By Michael Mishak (contact)
http://www.lasvegassun.com/

Richard Trumka fashions himself after some of the 20th century’s labor firebrands.

Set to become AFL-CIO president next month, the mustachioed third-generation mine worker from southwestern Pennsylvania cuts an imposing figure. His fists are the size of softballs and he pounds the lectern to make his point. But he’ll need more than might to reinvigorate a flagging movement beset by globalization, corporate power and union infighting.

On Monday, Trumka said he’s up to the challenge, pledging to capitalize on Democratic majorities in Congress — and to heal bitter union divisions. He told convention delegates of the international painters union here that he would recast the nation’s largest labor federation into an “agitating, mobilizing, organizing” machine.

Health care and labor law reform, he said, will set the stage. The AFL-CIO has stepped up pressure on both fronts, with Trumka taking partial credit in an interview for turning back an apparent effort to ditch the so-called public option in health legislation. In the past week Senate Democrats have talked openly about using a rare procedure to overcome Republican opposition and centrists in their own party.

Sen. Max Baucus, the chairman of the Senate Finance Committee who is leading bipartisan negotiations, recently voiced his support for the public option.

“I think we helped them do that,” Trumka said.

It’s one example of a more aggressive brand of politics the AFL-CIO intends to play after being outmaneuvered early on in the health care and labor law debates this year. For instance, Senate Democrats negotiating a compromise bill that would make it easier for workers to organize reportedly conceded a key provision to advance the legislation.

“It’s up to us to help Congress and the president do what’s right by working people,” Trumka said. “Trust me, we intend to help them do what’s right.”

He added: “It’s in their heart. Now we need to get it down on paper and make it law.
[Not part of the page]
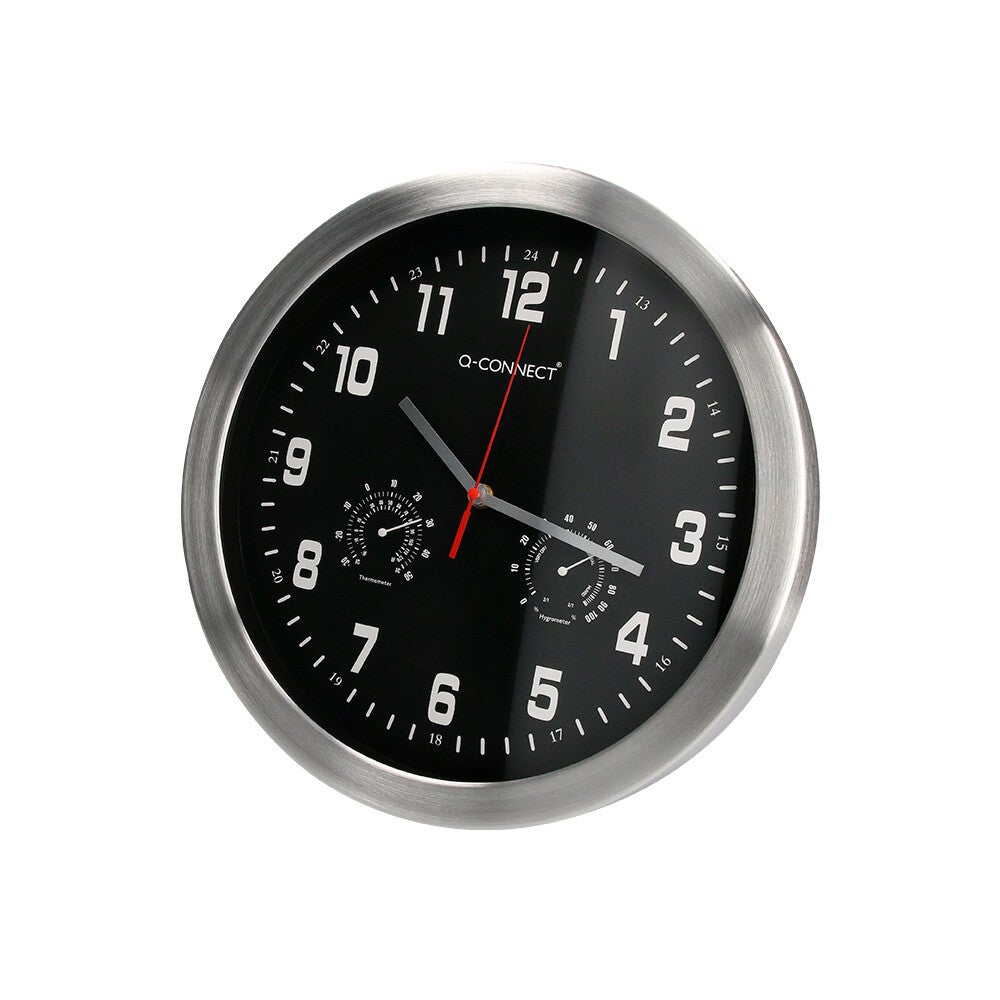 Q-connect horloge murale - Métallique - Diamètre 35 cm - Noir - 3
We will take well-defined positions and we’ll fight to keep those positions … Politicians who vote against (health care reform) do so at their own peril.”

Trumka vowed victories on health care and labor law reforms this year.
With Democrats in control of Congress and the White House, union leaders see a rare opportunity to shape labor policy for the first time since the Great Depression and are redoubling their efforts after seeing signs that some of their allies in Washington are wavering.

Trumka said labor will settle for nothing less than fundamental reforms. As for management style, Trumka said he planned to grow the movement from the grass roots, drawing contrasts between himself and labor leader Andy Stern of the Service Employees International Union, the fastest-growing labor organization in the country. Stern’s union has drawn criticism for compromising contract standards in return for organizing rights.

Stern has countered that the moves are part of a long-term strategy that will boost membership and lead to gains down the road.

“When you look at the policies of the last 30 years, they’ve put a box around labor,” Trumka said, citing widespread deregulation and a series of pro-business decisions by the National Labor Relations Board. “That system has proved an utter failure. The difference between me and (Stern) is that he believes you can look at that system and play within that box by accommodating employers. I believe that the system has to be changed because it’s designed for employers to win and workers, every time, to lose.”

Trumka said he isn’t alone in that philosophy. He’s in reunification talks with three unions that Stern helped lead out of the AFL-CIO in 2005, a split that cost the federation “years of momentum,” he said. Among those unions is Unite Here, parent of the Culinary Union. Trumka is also meeting with the National Education Association, the country’s largest union, representing 3.2 million teachers and retired educators.

A reconstituted labor movement must focus on organizing younger workers and unions must stop raiding one another to win over existing members, Trumka said.

Toward those ends, he said the AFL-CIO would build a “reserve army” of 1,000 organizers to assist in strategic drives and prevent union raids.

Trumka’s animating vision: Don’t be timid. Act bold.

It’s the kind of thing Trumka’s father taught him.

“If it was right you fought for it. If it was wrong, you fought against it,” he said. “And there was no in between.”

Looks like the family legacy lives on.